What is a Calendar or Date table?
Maybe you’ve worked with data warehouses before, in which case the concept of a “Date Dimension” is going to be familiar. If not, the general idea behind a Calendar or Date table is that you have a table of Dates and metadata about those dates. This can include business-specific flags, alternate Quarter structures, alternate Week Start data, or whatever fits your needs
Why would you want to use one?
Many times you need the ability to store a date, but then have to calculate other details for reporting. What Fiscal quarter is this? Was this a day the business was open? What day of the month is this? What day of the Quarter is this? You can use the built-in functions to figure all of that out, but sometimes it’s easier to just tie over to a Calendar table and then aggregate based on something already determined. Sometimes you need to have an alternate Week structure compared to other parts of the business so your business runs W-Tu. That can be determined in the Calendar table so you can aggregate based on a custom week number without needing to calculate that on the fly.

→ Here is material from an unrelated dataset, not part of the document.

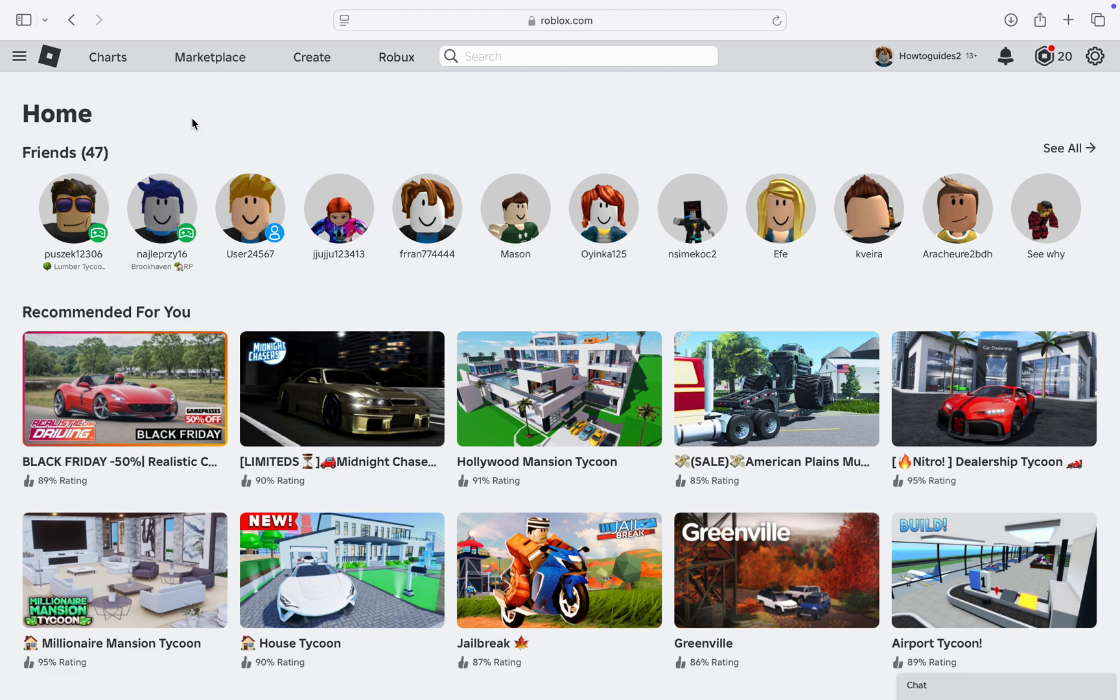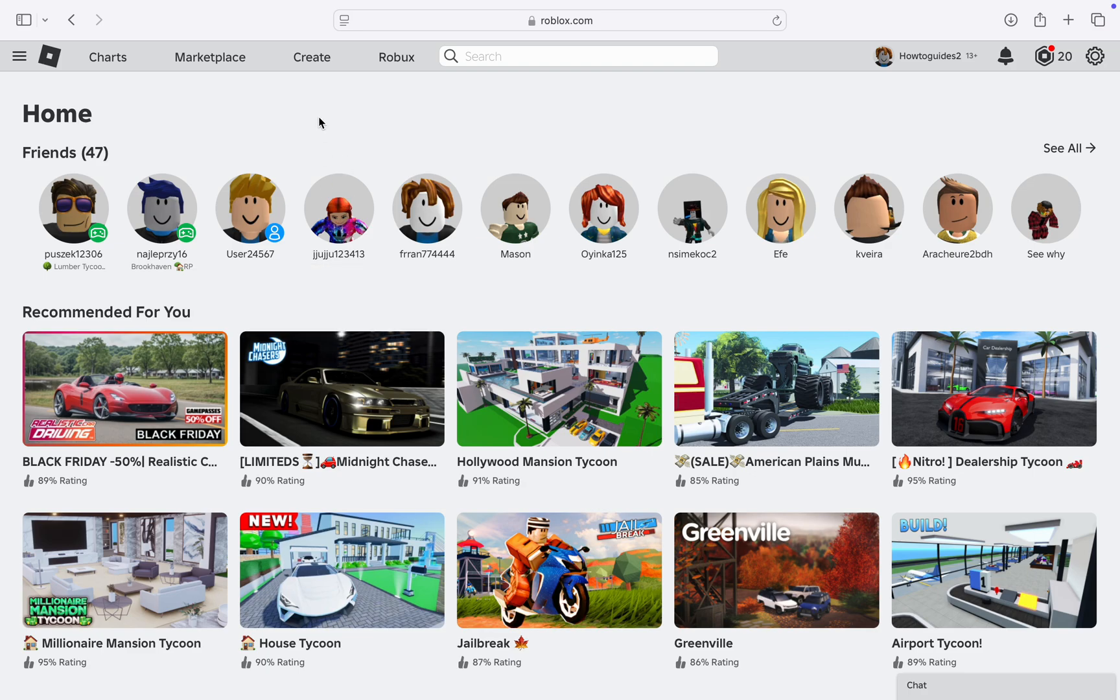In this video, I'm going to show you how to add someone to admin in Roblox community. If you want to add any of the members in your community to admin, let me show you how it's done. The first thing is head over to roblox.com and you need to click on the three lines at the top left corner.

If you don’t do a lot of date-heavy calculations, there may not be as many advantages to this, but I’ve almost always found these helpful once you start needing details that are related to date calculations. Those sorts of situations come up more often than I’ve realized from “how many days of work were missed this quarter” to “give me the first day of the month”. (SQL gives us an End of Month function, but not a first of month function at the time of writing.)
How do you get started?
One of the better articles I’ve found was from ChilledSQL.com. There’s a good overview of a calendar table that covers a lot of the more common date data. I’ve tweaked this a little to contain a CREATE TABLE and a Stored Proc that will populate the table. Generally, this is a one-time population, though sometimes you may want to populate a smaller date range and extend as needed.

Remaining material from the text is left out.